On the other hand, community attendings may get to spend more time with you so may be able to write better LORs overall.
 
Err, just want to mention I am speaking theoretically, I've no personal experience with rotations yet. It seems (from what people say) that you get to do and learn more since you have more hands of experience, but maybe it's not as good in terms of career planning (not saying one is prohibitive one way or another)?
 
I'm going to further stir the pot with my personal conundrum. The caveat here is that unles something surprising happens, I'm going with the academic center over the community hospital. But I will present my case for the community hospital, since I felt strongly about it for a while too.

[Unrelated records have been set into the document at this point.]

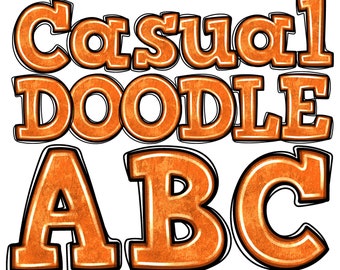 Orange Doodle Alphabet PNG, Digital Download, Casual Hand Drawn Letters, Funky, Kids, School, Comic Sublimation DTF Art for Print Designs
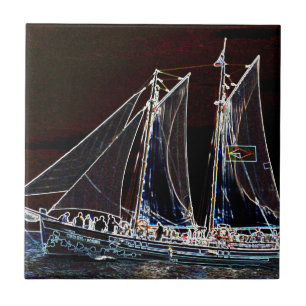 Sailing Boat- Abstract Photograph Tile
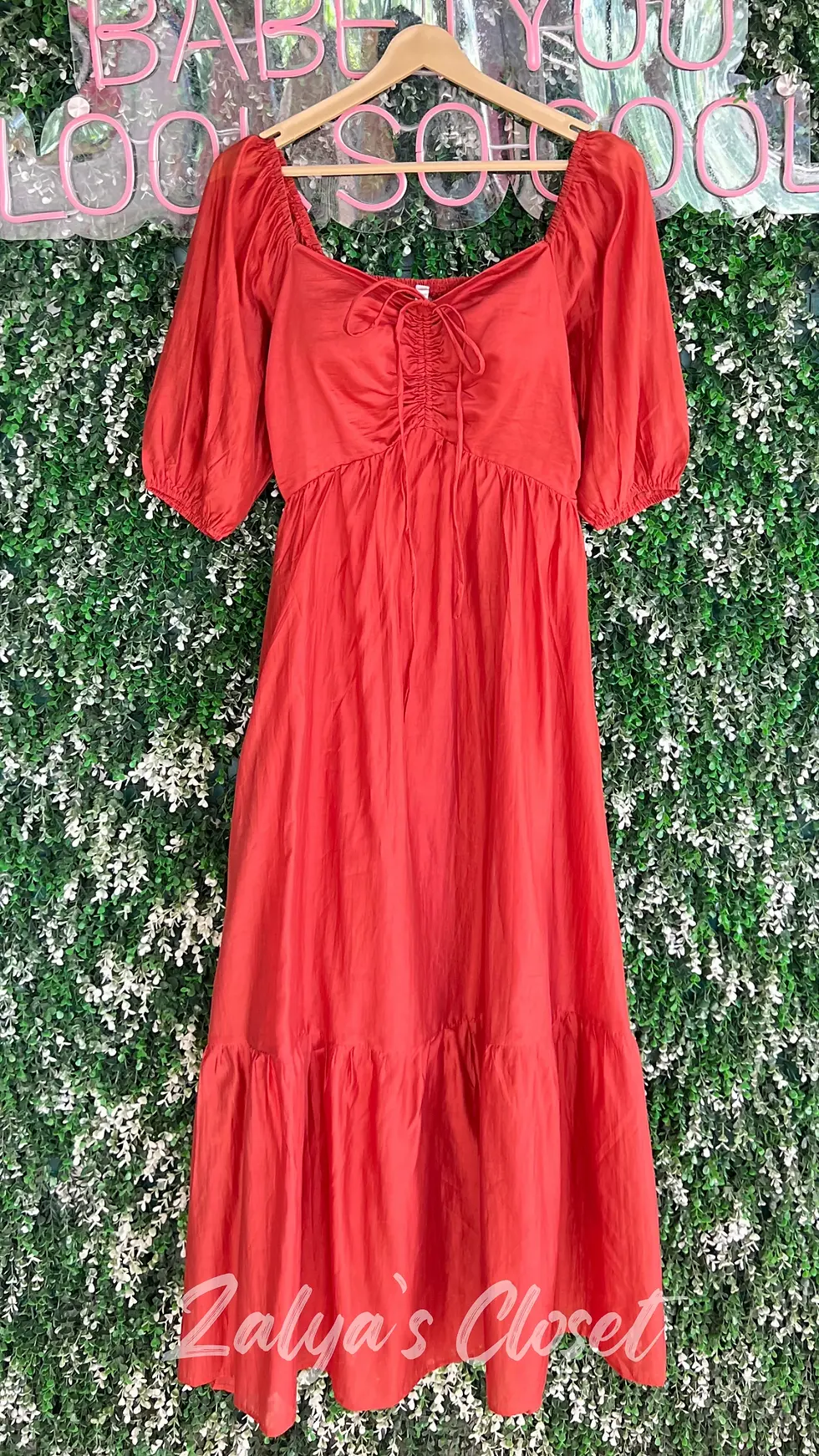 Thumbnail: Solid Long Tiered Dress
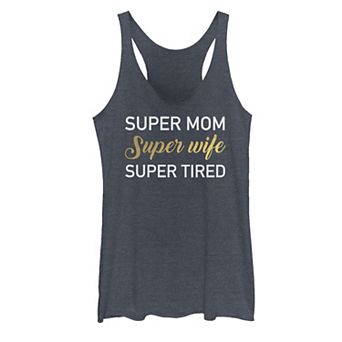 Juniors' Super Mom Wife Tired Graphic Tank Top
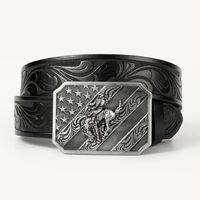 Retro Cowboy Style Horse Pu Leather Metal Button Men's Leather Belts main image 4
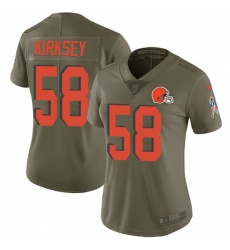 Women's Nike Cleveland Browns #58 Christian Kirksey Limited Olive 2017 Salute to Service NFL Jersey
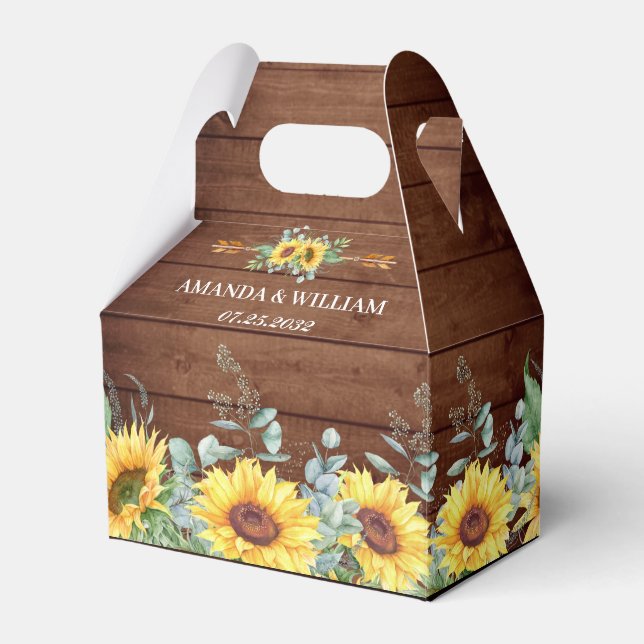 Elegant Sunflowers Eucalyptus Floral Gift Wedding Favor Boxes (Front Side)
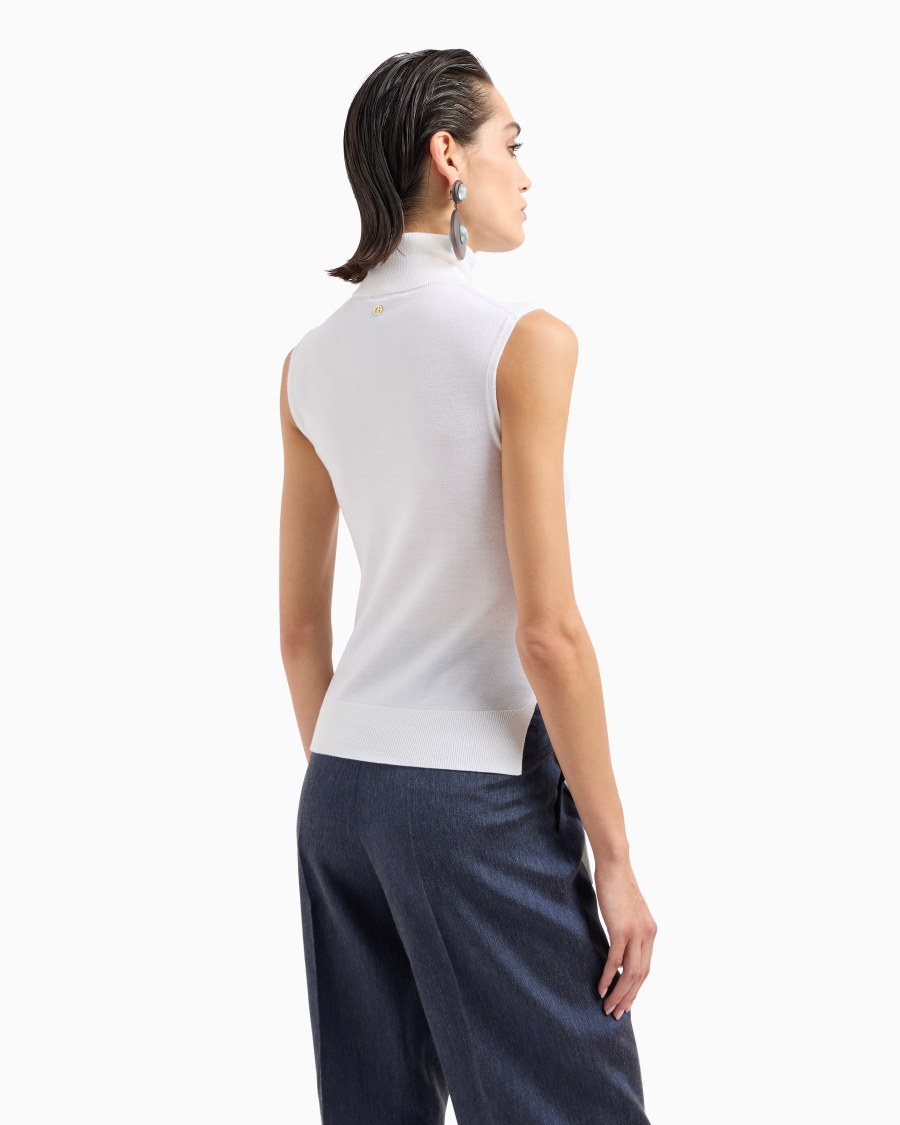 The world of armani TOP CON COLLO A LUPETTO IN LANA VERGINE Comprane uno, ottenene uno gratis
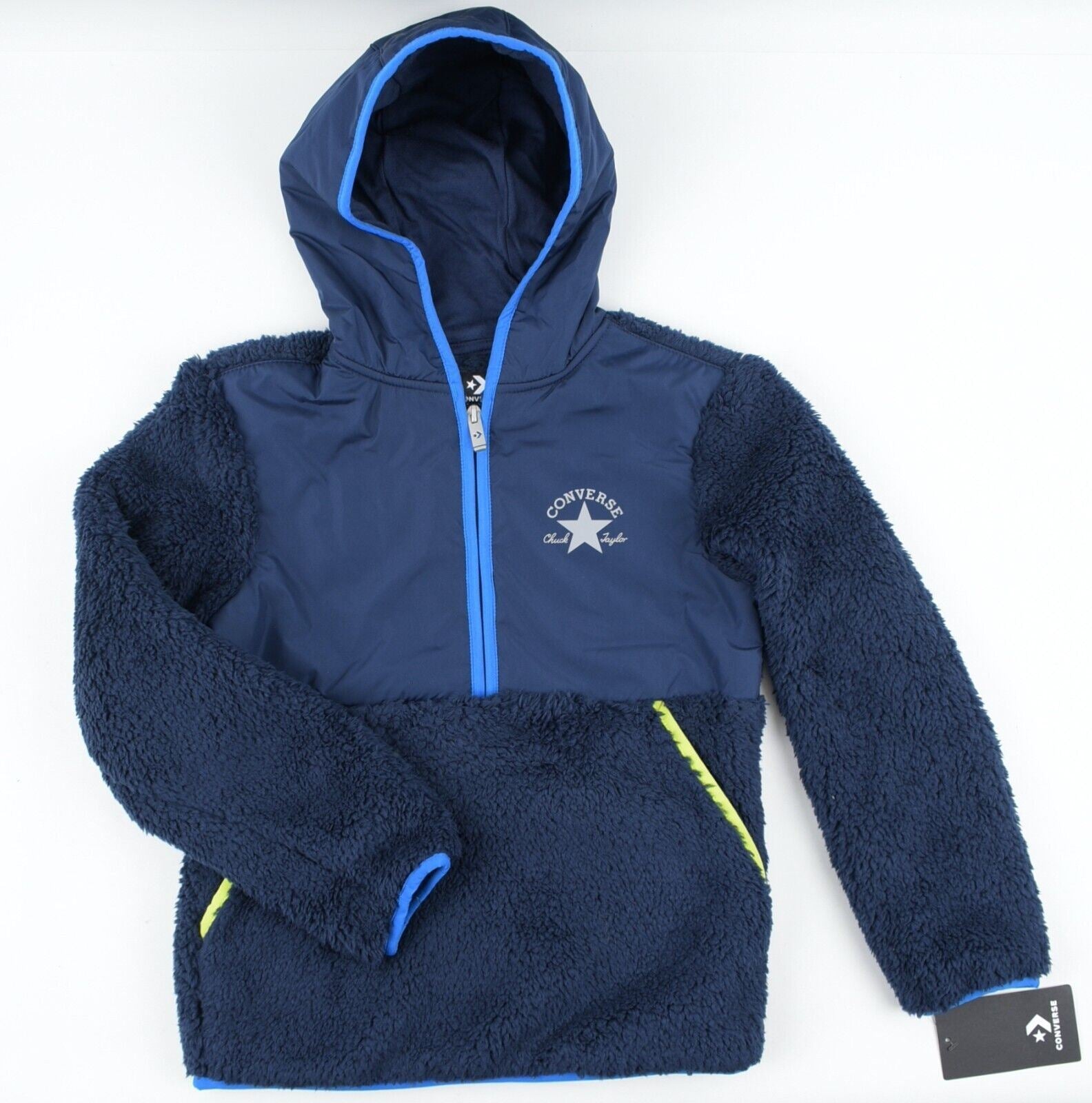 CONVERSE Kids' 1/2 Zip Sherpa Fleece Pullover Hooded Jacket, Blue size 7-8 years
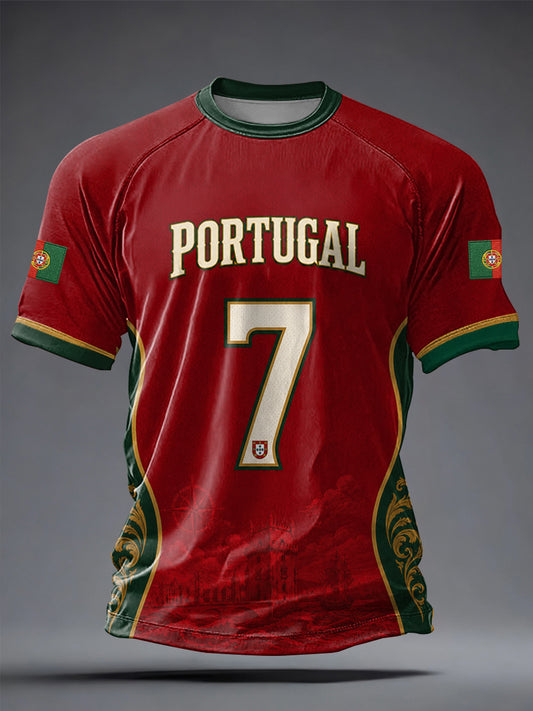Men's Portuguese Football Printed Casual short sleeves t-shirt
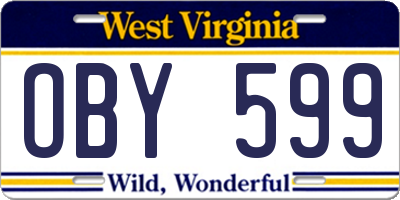 WV license plate OBY599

In my schools specific case the community hospital was actually a system of three community hospitals you bounced between (all very close, so geography wasnt an issue). This community hospital system was run by a DME who was extremely well known (head of trauma for columbia, published multiple books, one of Obama's two personal doctors when he is in NYC) who decided to primarily practice out of the hospital closest to his home in North Jersey. He *is* the selling point of this place.

So anyway the deal at this community hospital is that he takes you under his wing for surgery and has equally dedicated people for IM who teach you everything. You get to be first assist on every procedure he does surgically and get to be hands on with everything that comes in to the IM dept. He admits that his ER/OBGYN/Psych/etc are not as teaching oriented as a teaching hospital would be, but you'll still learn tons by finding a doc you like and making sure you're around when he's in. And the community hospitals aren't out in the middle of nowhere. They are feeders to all the NYC mega-hospitals, so the obscure pathology that shows up there starts at these hospitals before being transferred up.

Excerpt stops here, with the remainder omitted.